Den mit Abstand größten Batzen unter den Finanzhilfen machen Bürgschaften des Bundes aus. Stand jetzt sind Garantien für 1,2 Billionen Euro beschlossen worden. Hier ähnelt die Coronakrise dann doch der Finanzkrise 2008. Damals »retteten« Bund und Länder Banken vor allem mit Hilfe von Bürgschaften, deren tatsächliche Kosten bis heute nicht feststehen. Zunächst sind Bürgschaften des Bundes ein bürokratischer Hebel, um der Wirtschaft ohne den unmittelbaren Einsatz von Steuergeldern schnell Liquidität zu verschaffen.
Ganz handfest hat der Bundestag indes im März 156 Milliarden Euro - finanziert durch neue Schulden - für den Nachtragshaushalt 2020 freigegeben. »Wir gehen in die Vollen, um unser Land zu schützen«, sagte Bundesfinanzminister Olaf Scholz (SPD) fast schon pathetisch. Weitere Mittel dürften wohl als Schattenhaushalt über einen noch zu gründenden Wirtschaftsstabilisierungsfonds fließen. Ihm sollen 2020/2021 bis zu 200 Milliarden Euro für staatliche Unternehmensbeteiligungen und für die Finanzierung von Großkrediten zur Verfügung stehen.
Das nötige Geld beschafft sich Scholz über die Finanzagentur der Bundesrepublik. Die im September 2000 gegründete GmbH mit Sitz in Frankfurt am Main sollte dem Bund ursprünglich in diesem Jahr 210 Milliarden Euro am Finanzmarkt besorgen, um damit alte Schulden abzulösen. Dazu legt die Agentur Bundeswertpapiere auf und verkauft sie auf Auktionen. Im April sind noch sechs davon geplant, die 25 Milliarden einbringen sollen. Die Laufzeiten der Papiere reichen von einem halben bis hin zu dreißig Jahren, der Zinssatz liegt meistens um die null Prozent. Trotzdem balgen sich Investoren aus aller Welt darum, gelten doch deutsche Staatspapiere in Coronazeiten als eine der wenigen sicheren Geldanlagen.
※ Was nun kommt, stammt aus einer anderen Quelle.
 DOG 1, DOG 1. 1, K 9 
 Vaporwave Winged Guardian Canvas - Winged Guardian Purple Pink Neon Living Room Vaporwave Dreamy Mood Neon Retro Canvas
Das hat die Zinsen der Bundesanleihen in der Krise weiter nach unten gedrückt, was dem Finanzminister viele Milliarden erspart.
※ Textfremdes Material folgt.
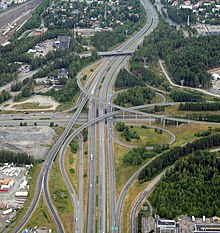 An aerial view of the Lakalaiva interchange in the Tampere Ring Road between the Highway 3 (E12) and Highway 9 (E63) near city of Tampere Lakalaivan eritasoliittyma 1.jpg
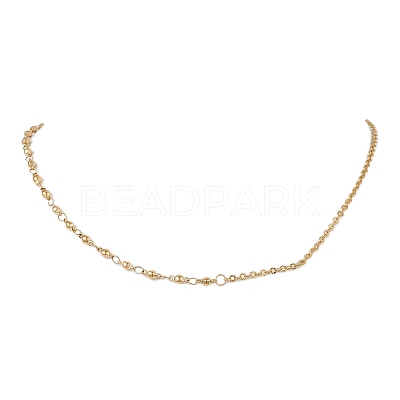 304 Stainless Steel Textured Cable Chain Ball Link Chain Necklaces for Women NJEW-JN05596-1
Unmittelbar teilnehmen an den Auktionen können nur die Mitglieder der »Bietergruppe Bundesemissionen«, einer Art »Who is Who« der globalen Finanzwelt: Von Citigroup und Deutscher Bank über Goldmann Sachs und der britischen HSBC bis hin zu Nomura in Japan und der Schweizer UBS. Die Großbanken verteilen die Anleihen dann an ihre Kunden.
Auch die globale Refinanzierung der Adidas-KfW-Hilfen bleibt andernorts nicht folgenlos. Zwar ist an den Finanzmärkten genügend Geldkapital vorhanden, doch auch hier gilt der alte Spruch, dass jede Mark nur einmal ausgegeben werden kann. Außerdem werden auch in Frankreich, USA, Japan und anderen Industriestaaten billionenschwere Schulden zur Finanzierung staatlicher Rettungspakete aufgenommen. Die Folge ist die Umleitung von Geldströmen: »In den letzten Wochen sind Investoren in Scharen aus Staats- und Unternehmensanleihen der Schwellenländer geflüchtet«, berichtet die Investmentgesellschaft M&G. Die Nachfrage nach Geldanlagen in den vermeintlich sicheren Häfen Euro und Dollar ist dadurch deutlich gestiegen.